Look through the listing below and report the lines that have the word "hood" in them.

Start of Records for processing

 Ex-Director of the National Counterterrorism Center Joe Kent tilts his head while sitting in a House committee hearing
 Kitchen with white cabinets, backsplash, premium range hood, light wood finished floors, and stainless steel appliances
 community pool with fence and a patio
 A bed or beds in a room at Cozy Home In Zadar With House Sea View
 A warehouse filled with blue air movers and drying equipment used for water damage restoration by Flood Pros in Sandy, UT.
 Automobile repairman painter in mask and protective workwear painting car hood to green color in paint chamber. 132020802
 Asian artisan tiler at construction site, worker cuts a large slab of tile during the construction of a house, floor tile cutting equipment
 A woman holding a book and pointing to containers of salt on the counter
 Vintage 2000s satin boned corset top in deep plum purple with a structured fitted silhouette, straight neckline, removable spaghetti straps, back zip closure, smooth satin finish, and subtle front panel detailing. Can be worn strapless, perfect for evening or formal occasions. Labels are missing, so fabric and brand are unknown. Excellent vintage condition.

End of Records for processing

(Task output)
 Kitchen with white cabinets, backsplash, premium range hood, light wood finished floors, and stainless steel appliances
 Automobile repairman painter in mask and protective workwear painting car hood to green color in paint chamber. 132020802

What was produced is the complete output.